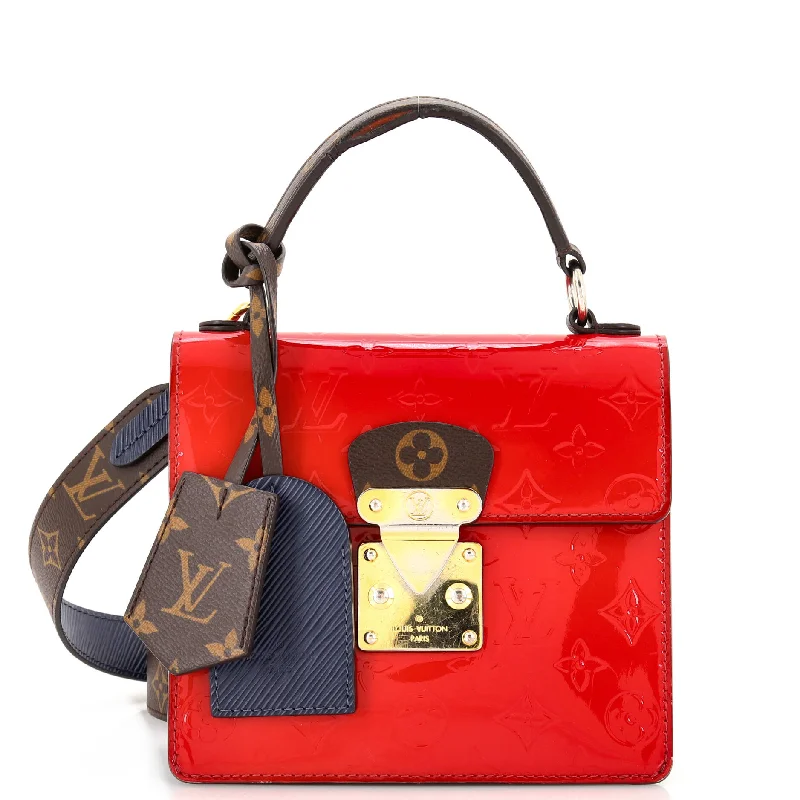 Leather Shoulder Bag with Magnetic Closure in Black for Quick AccessSpring Street NM Handbag Monogram Vernis with Monogram Canvas Leather Shoulder Bag with Magnetic Closure in Black for Quick AccessSpring Street NM Handbag Monogram Vernis with Monogram Canvas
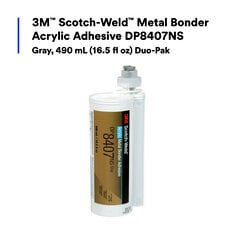 3M™ Scotch-Weld™ Metal Bonder Acrylic Adhesive DP8407NS, Gray, 490 mL (16.5 fl oz) Duo-Pak, 6/Case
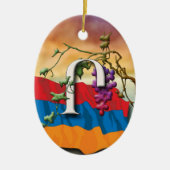 」オーナメントに関してアルメニア文字のイニシャル セラミックオーナメント (正面)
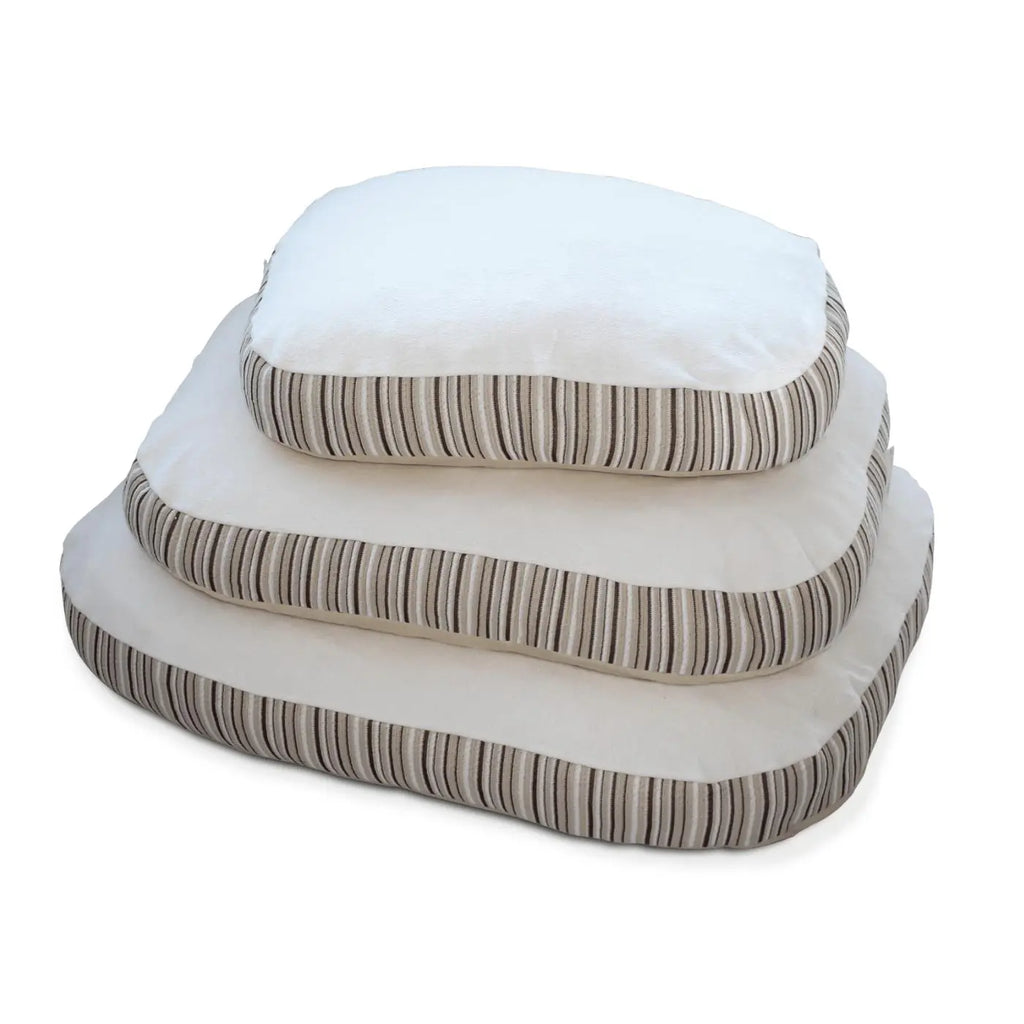 Kingston organic dog bed in size small, medium, and large stacked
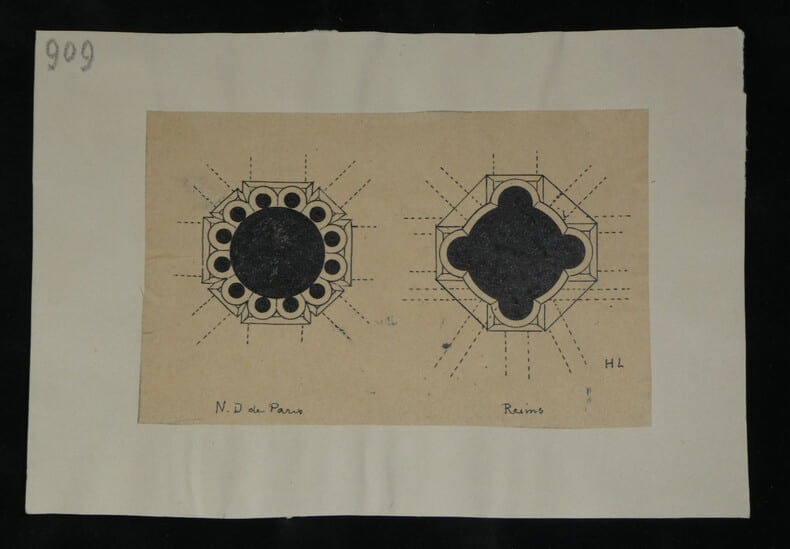 Plans de piliers du XIIIe si&egrave;cle - Cath&eacute;drale de Reims & Notre-Dame de Paris - Dessin original sign&eacute;. Louis Henri Laffill&eacute;e
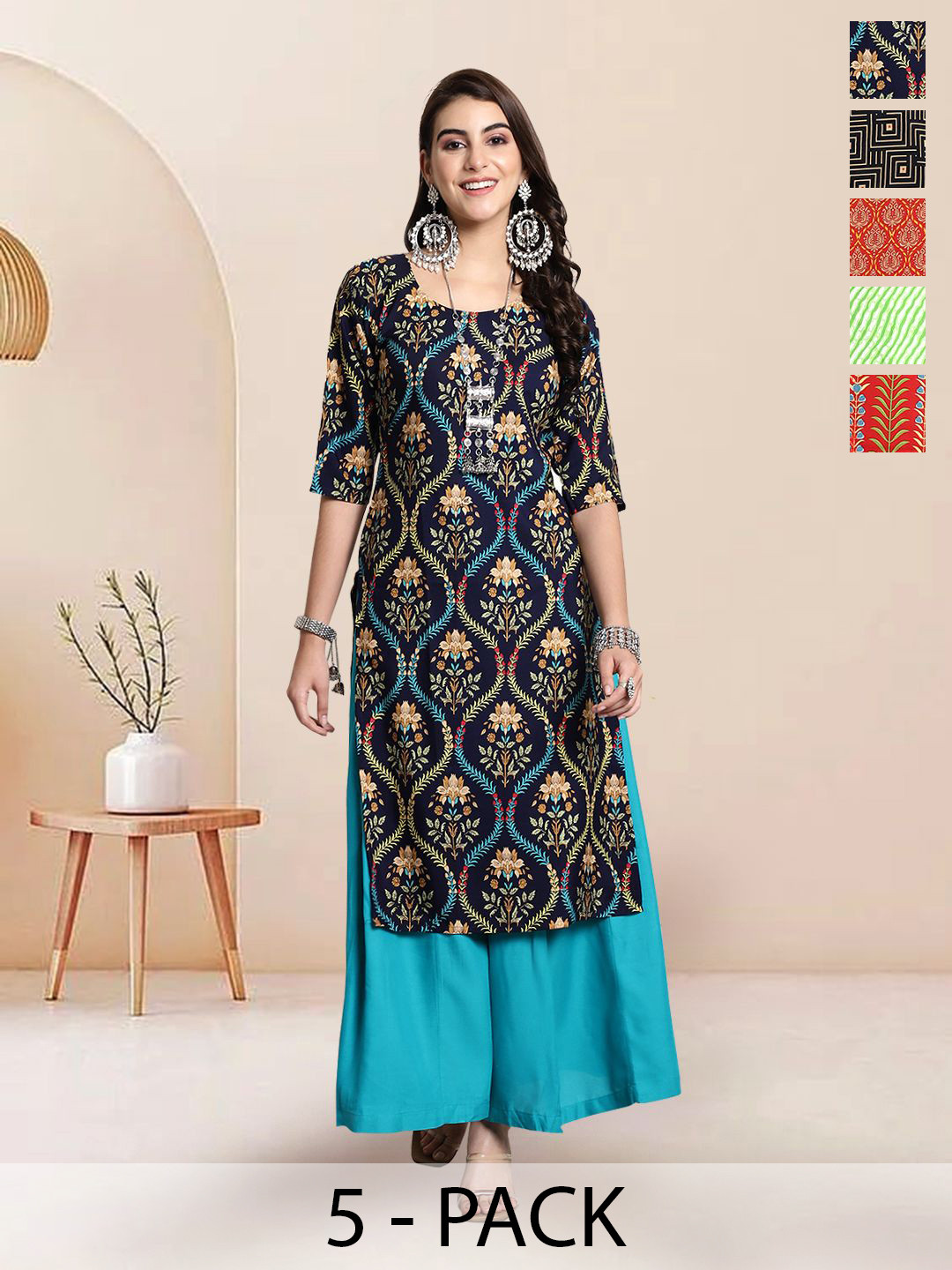 

7Threads Women Ethnic Motifs Printed Floral Crepe Kurta, Multi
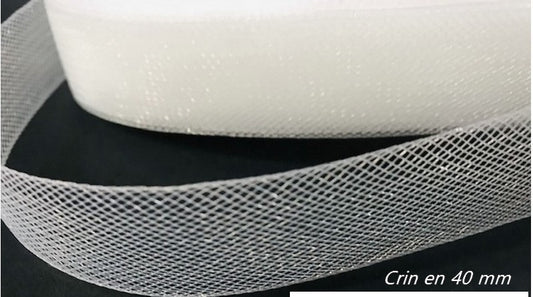 Crin Au Mètre Blanc En 40 mm pour La Couture, Bande de Crinoline pour Renfort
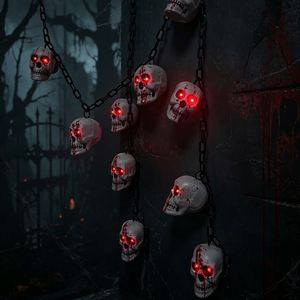 Horror Bloody <b>Skull</b> Chain Led String Red Glowing Eyes Skeleton Hanging Lights Halloween Spooky Atmosphere Decor - Product Image 3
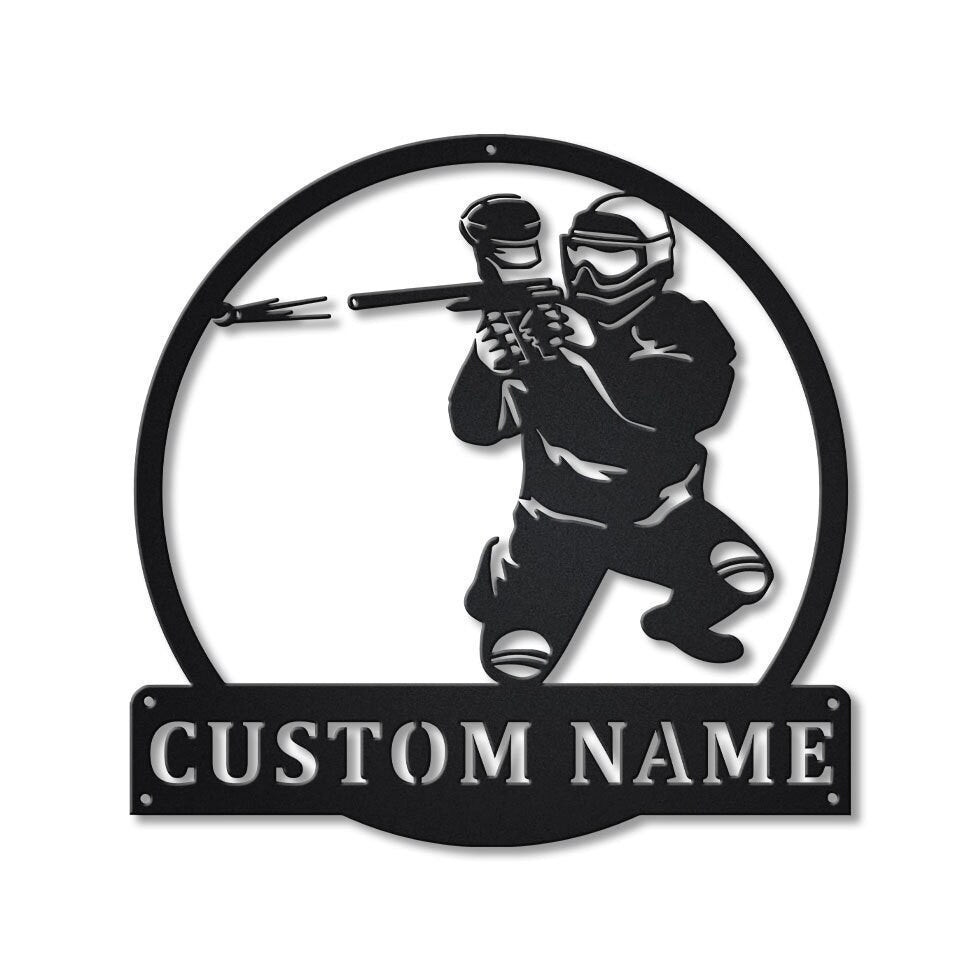 Personalized Paintball Monogram Metal Sign Art, Custom Paintball Metal Sign, Hobbie Gifts, Sport Gift, Birthday Gift Laser Cut Metal Signs Custom Gift Ideas 12x12IN
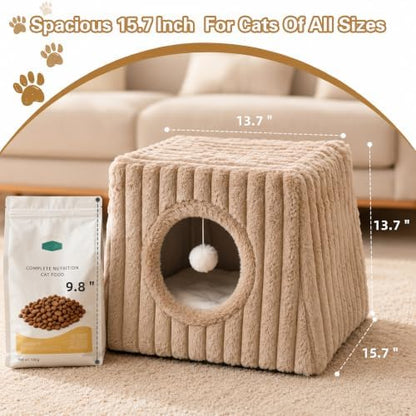 Dogpals Cat Cave Bed 15.74"x15.74"x13.38" Large with Balls (Khaki)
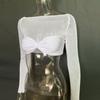 Весенне-летний женский короткий топ с одним вырезом и запахом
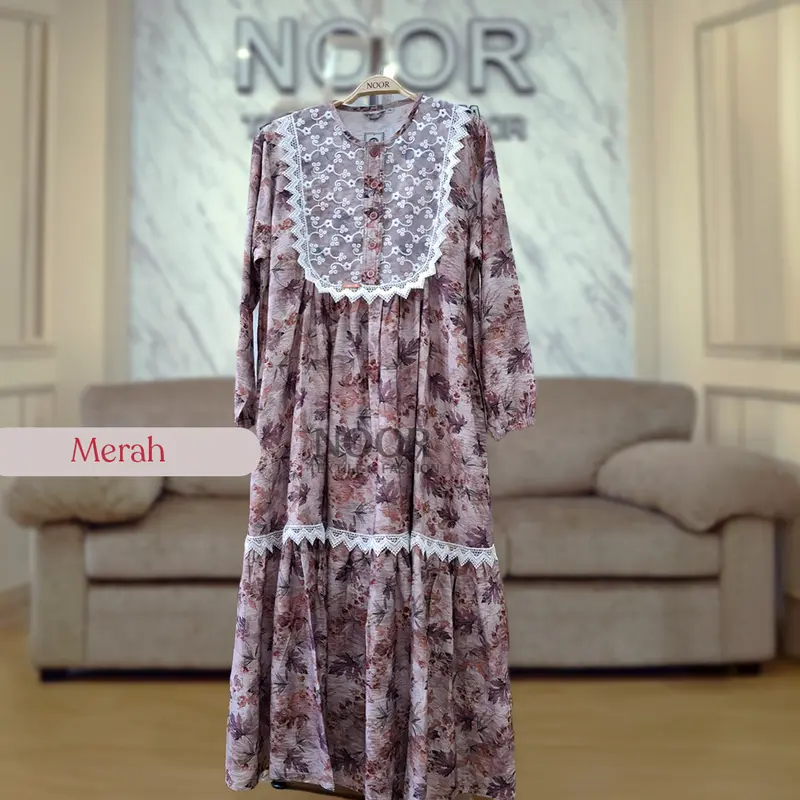 Sugar Maple Gamis Renda | Gamis Renda | Gamis Classic | Vintage Dress | ALL SIZE | Gamis Muslim Wanita | Seragaman Kancing Kantong Nyaman Simple 2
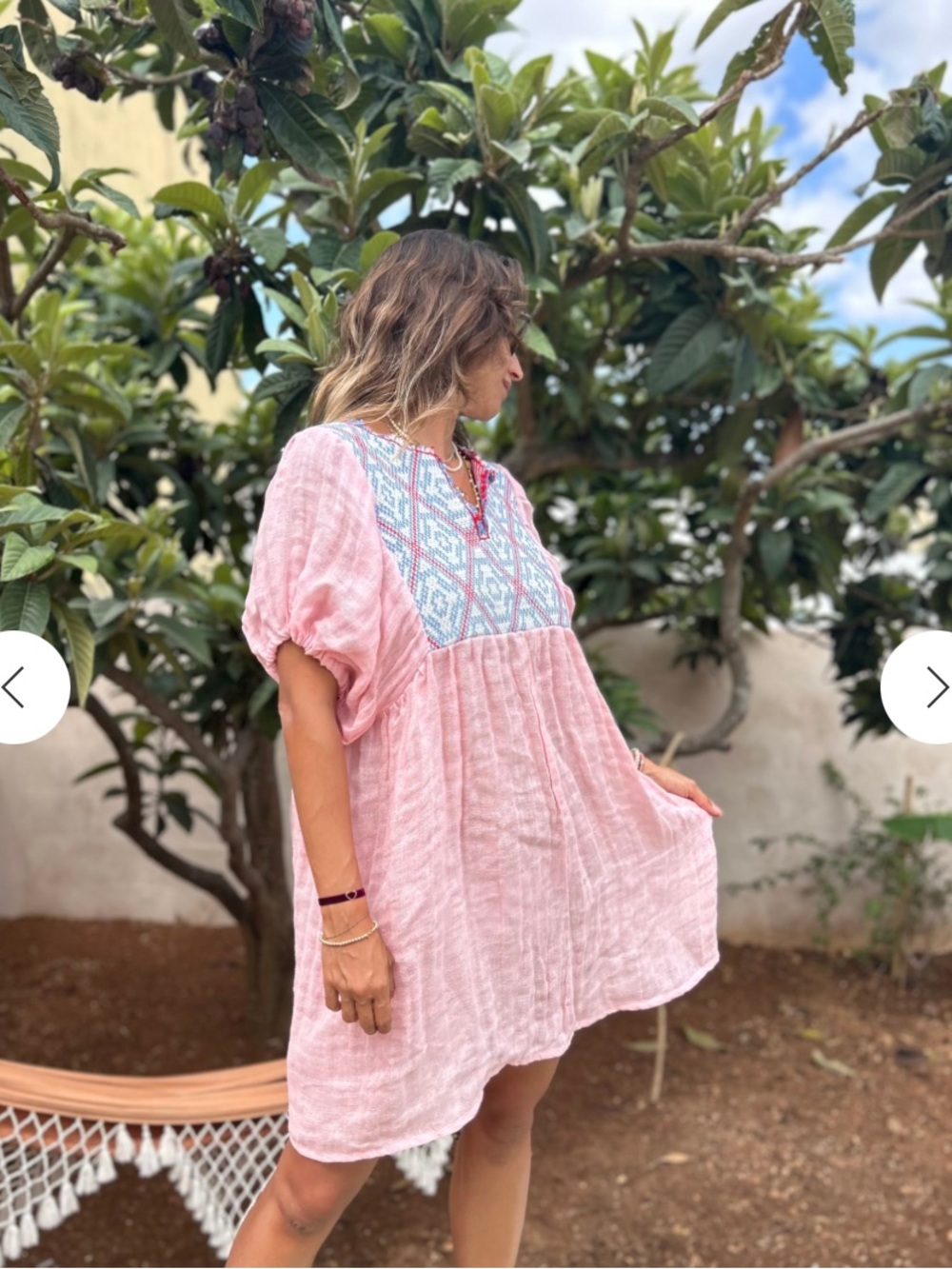 Nina Leuca Pink Embroidered Linen Gauze Mini Dress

---*---

* Task instructions
Copy out all the data above exactly as written. Skip the pictures.

* Task response
 Leather Shoulder Bag with Magnetic Closure in Black for Quick AccessSpring Street NM Handbag Monogram Vernis with Monogram Canvas Leather Shoulder Bag with Magnetic Closure in Black for Quick AccessSpring Street NM Handbag Monogram Vernis with Monogram Canvas
 3M™ Scotch-Weld™ Metal Bonder Acrylic Adhesive DP8407NS, Gray, 490 mL (16.5 fl oz) Duo-Pak, 6/Case
 」オーナメントに関してアルメニア文字のイニシャル セラミックオーナメント (正面)
 Kingston organic dog bed in size small, medium, and large stacked
 Plans de piliers du XIIIe si&egrave;cle - Cath&eacute;drale de Reims & Notre-Dame de Paris - Dessin original sign&eacute;. Louis Henri Laffill&eacute;e

7Threads Women Ethnic Motifs Printed Floral Crepe Kurta, Multi
 Crin Au Mètre Blanc En 40 mm pour La Couture, Bande de Crinoline pour Renfort
 Horror Bloody <b>Skull</b> Chain Led String Red Glowing Eyes Skeleton Hanging Lights Halloween Spooky Atmosphere Decor - Product Image 3
 Personalized Paintball Monogram Metal Sign Art, Custom Paintball Metal Sign, Hobbie Gifts, Sport Gift, Birthday Gift Laser Cut Metal Signs Custom Gift Ideas 12x12IN
 Dogpals Cat Cave Bed 15.74"x15.74"x13.38" Large with Balls (Khaki)
 Весенне-летний женский короткий топ с одним вырезом и запахом
 Sugar Maple Gamis Renda | Gamis Renda | Gamis Classic | Vintage Dress | ALL SIZE | Gamis Muslim Wanita | Seragaman Kancing Kantong Nyaman Simple 2
 Nina Leuca Pink Embroidered Linen Gauze Mini Dress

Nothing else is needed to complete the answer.